* Records for processing
+---+

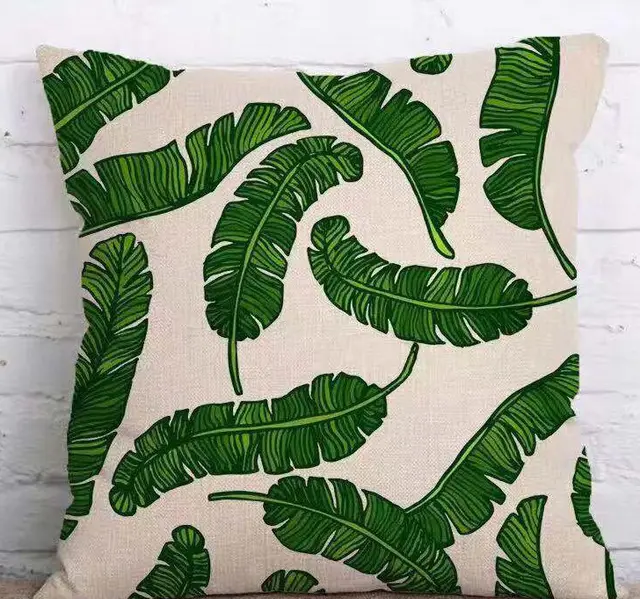 Tropical Plant Green Leaves Linen Pillowcase Cotton Linen Ym06Style - Shop at LoveMi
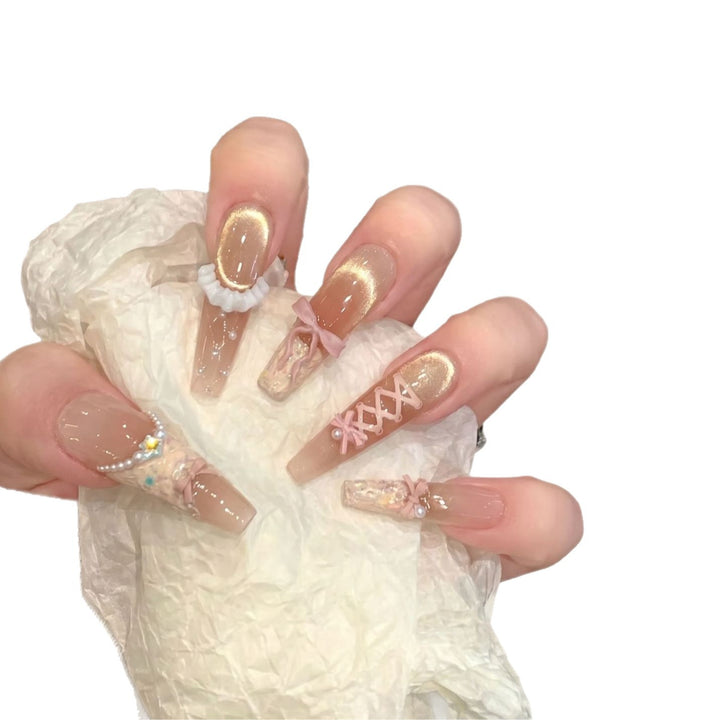 Artistic Press-On Nail Art Set with Unique Decorative Elements Stornfield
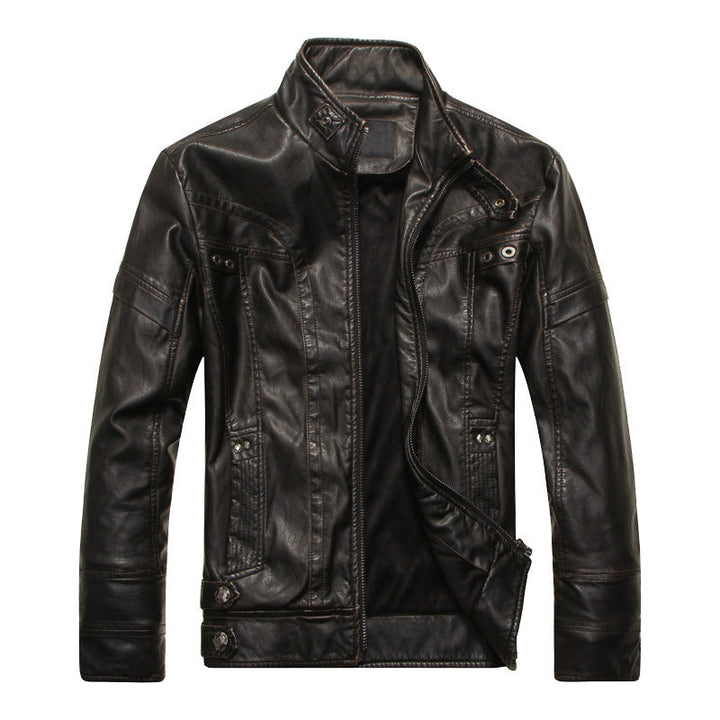 Herr Läder Jacka i Pilot Bomber Stil med Stående Krage och Vintage Look
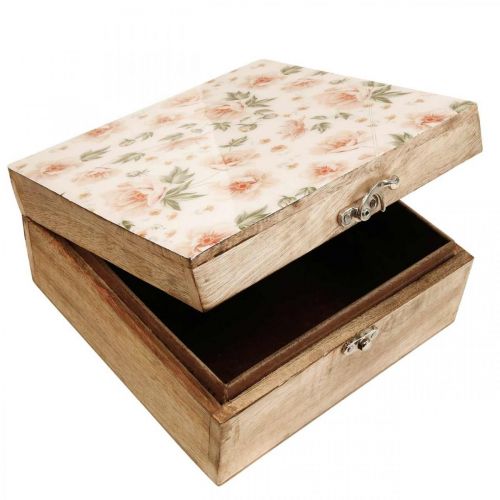 Floristik24 Houten kistje met deksel juwelenkistje houten kistje 20×20×9,5cm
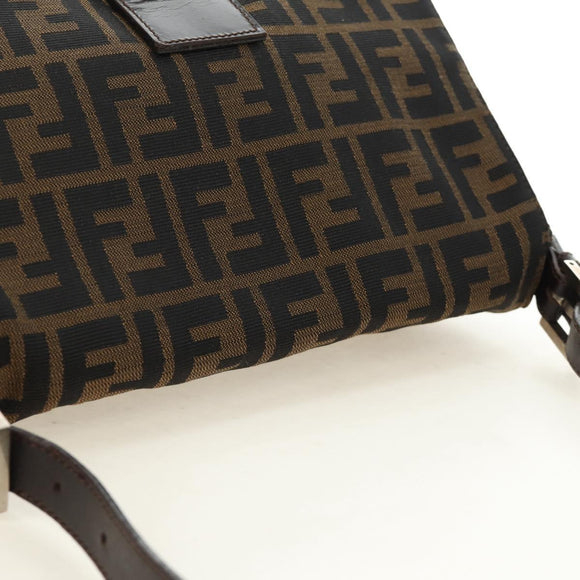 FENDI Zucca Canvas Mamma Baguette Shoulder Bag Black Brown Auth 191291SAV
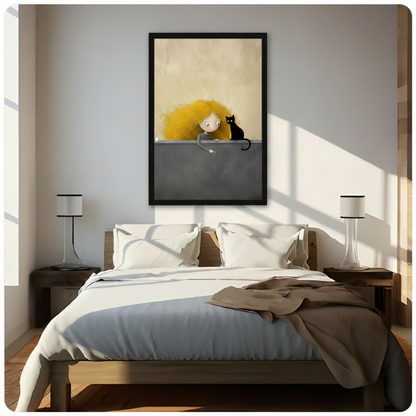 Framed whimsical illustration curly golden hair girl and black cat peeking over grey wall canvas print above wooden bed in sunlit minimalist bedroom - charming girl with black cat and white mouse wall art on warm cream background for contemporary bedroom home decor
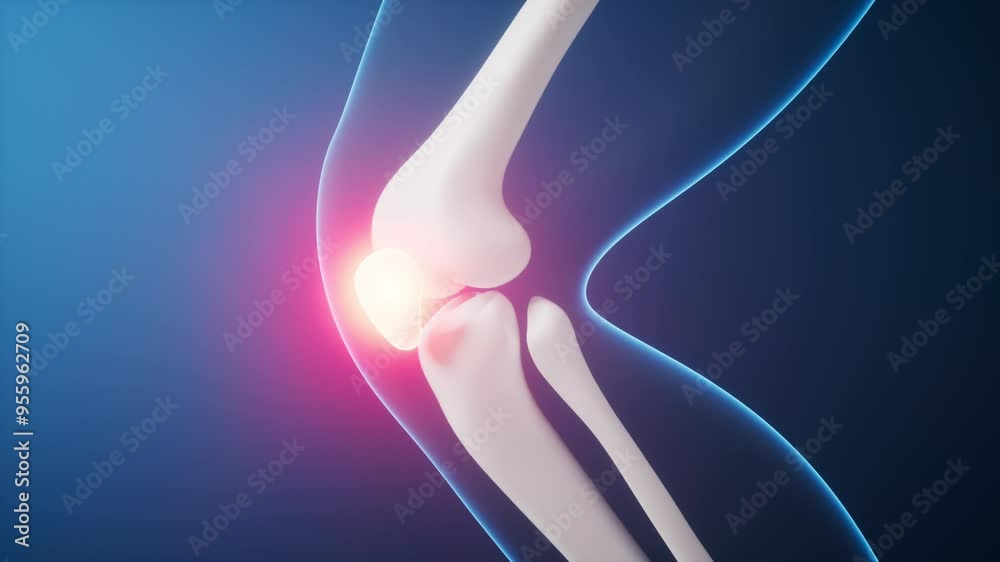Leg bone in the transparent human body, 3d rendering.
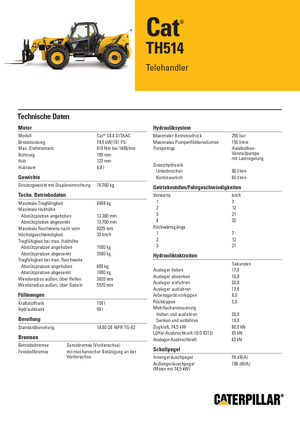 Ładowarki teleskopowe Caterpillar TH514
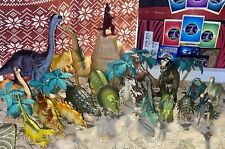 Rare Vintage Animal Planet & Jurassic World Dinosaurs Lot with Trees & Rock Deco picture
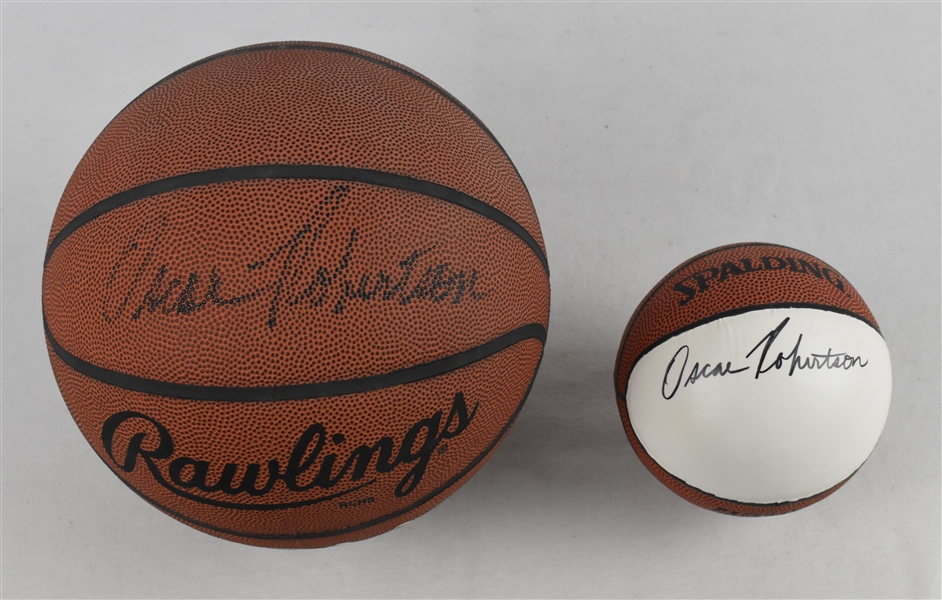 Oscar Robertson Lot of 2 Autographed Basketballs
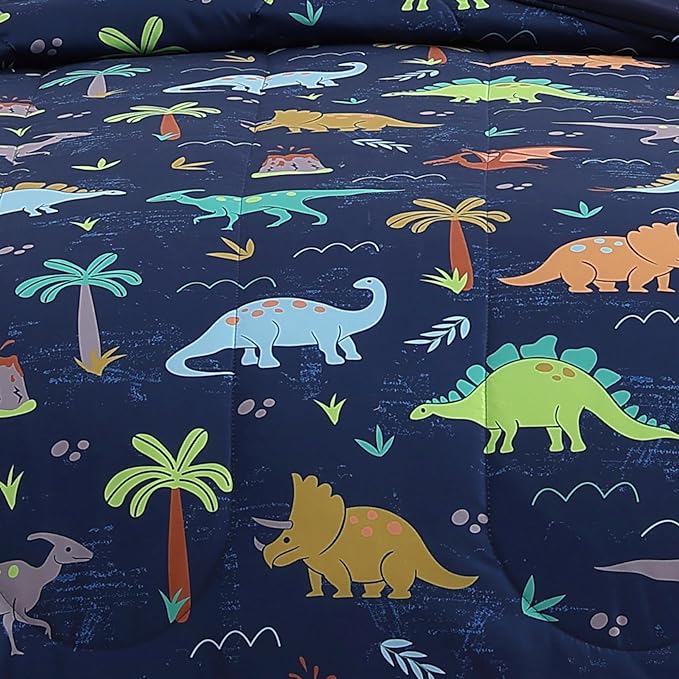 Twin Comforter Set for Boys-3 Pieces Navy Dinosaur Twin XL Bedding Set with 1 Comforter, 1 Decor Pillow, 1 Pillow Sham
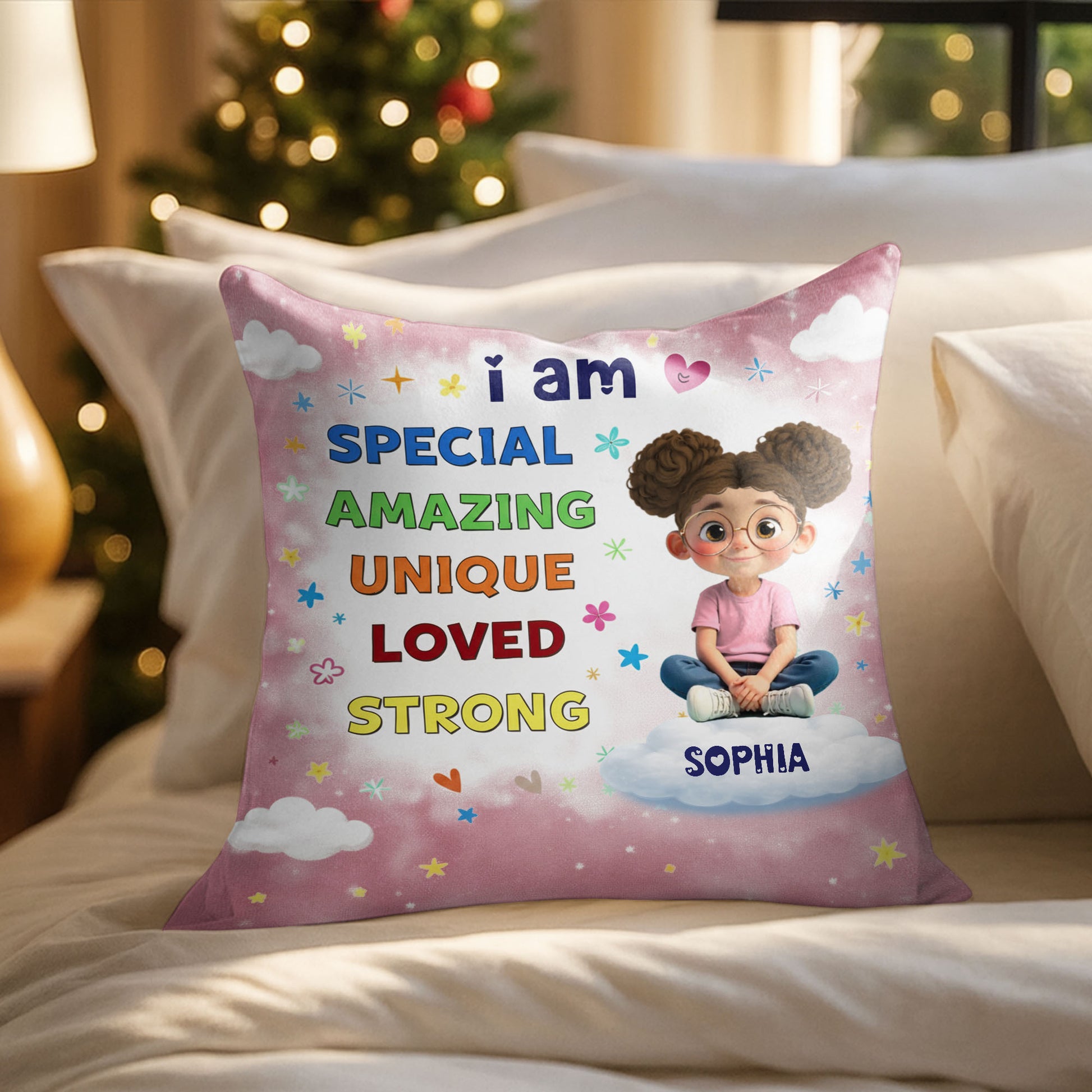 I Am Special Amazing Unique Loved Strong Affirmation Girl With Clouds Stars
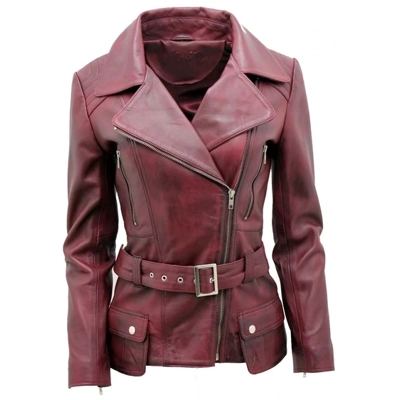 Burgundy Womens Long Leather Biker Jacket-Quito Burgundy Womens Long Leather Biker Jacket-Quito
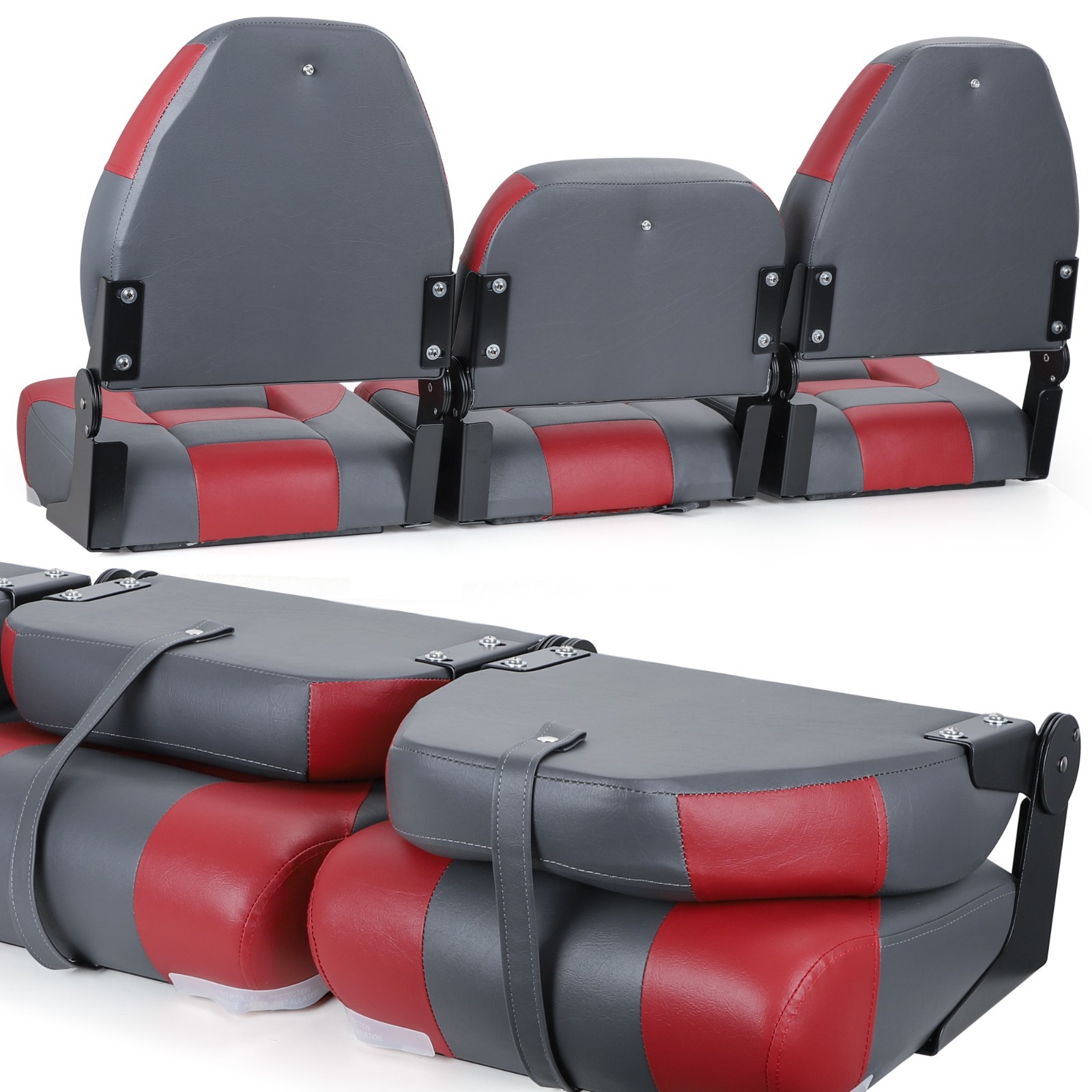 NORTHCAPTAIN Charcoal/Red 52" Folding Bass Boat Seat 3 PCS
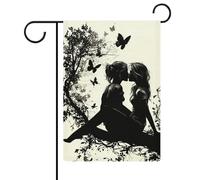 Bandiera da giardino con sagoma di due ragazze che si baciano, bandiera da giardino, cortile, bandiera esterna stagionale in iuta su entrambi i lati, 30,5 x 45,7 cm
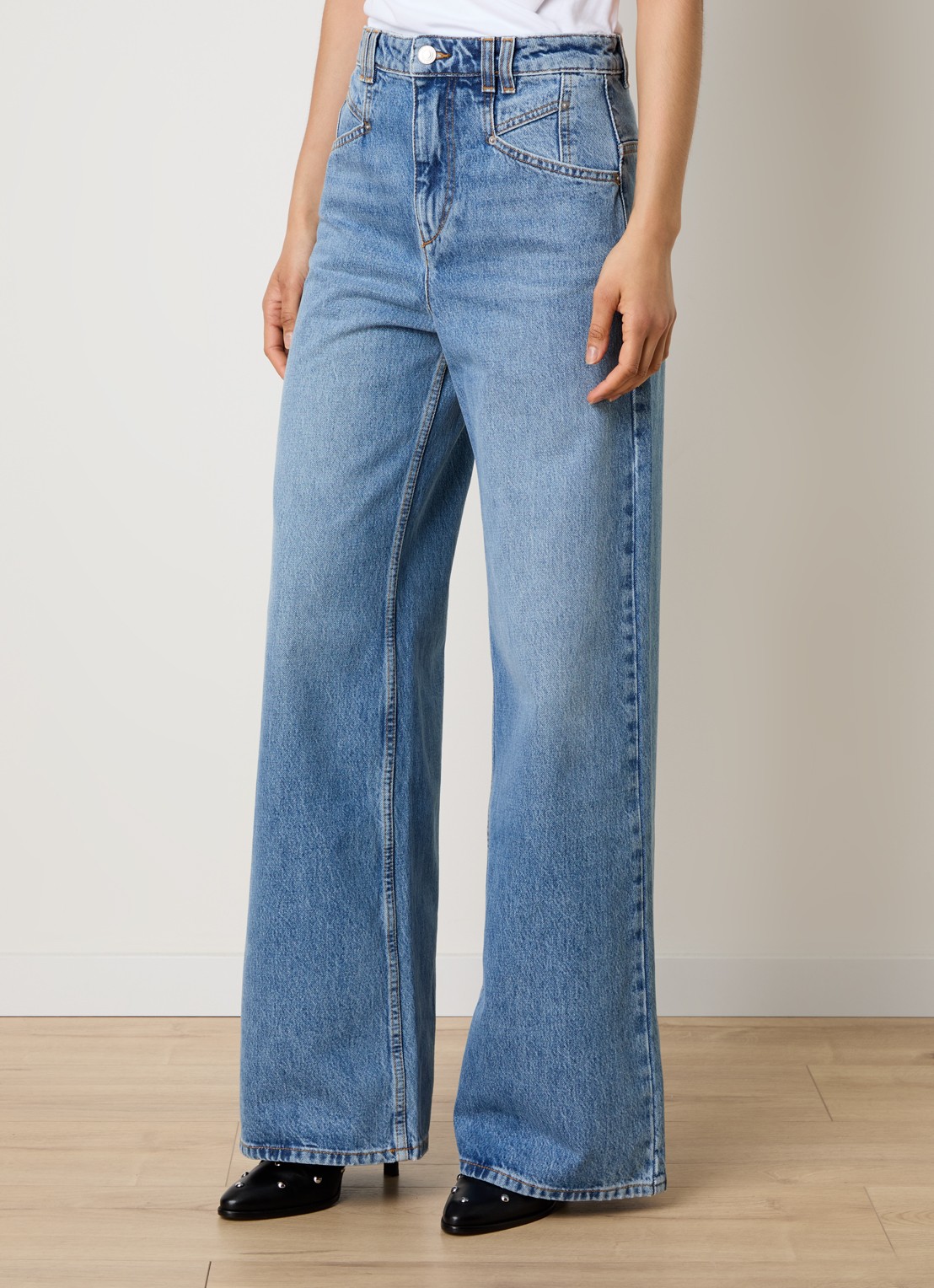 Isabel Marant Lemony high waist wide leg jeans met steekzakken - detail 4 indigo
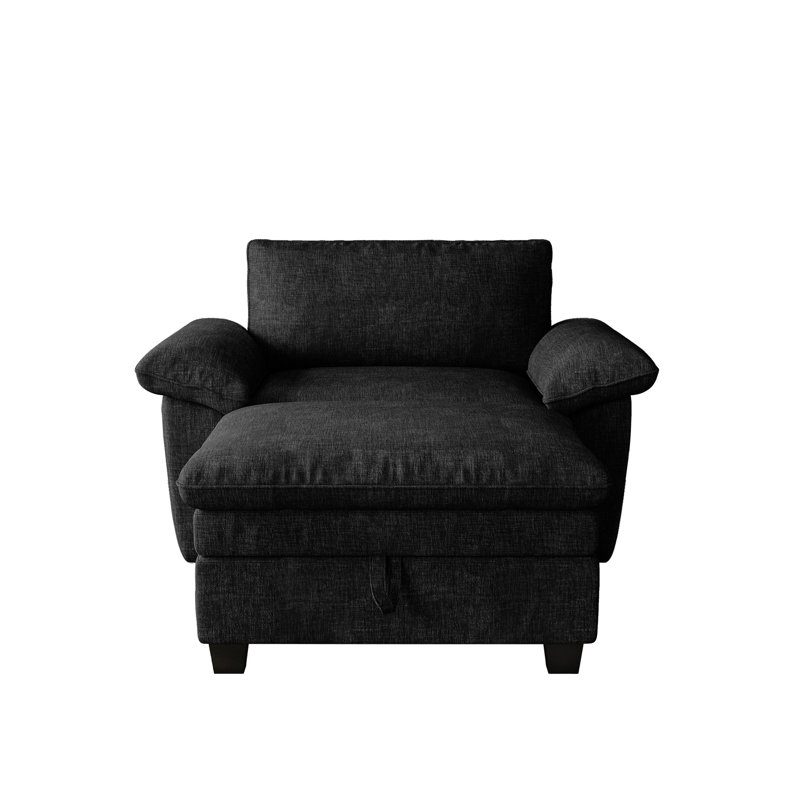 Canapé rembourré de 51 po de largeur, Chenille noir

+---+

* Exercise aim
Beginning with the line holding "Leg bone in" in the material above, restate word for word each line through the line holding "Oscar Robertson Lot", and exclude pictures.

* Task solution
Leg bone in the transparent human body, 3d rendering.
 Ładowarki teleskopowe Caterpillar TH514
 Rare Vintage Animal Planet & Jurassic World Dinosaurs Lot with Trees & Rock Deco picture
 Oscar Robertson Lot of 2 Autographed Basketballs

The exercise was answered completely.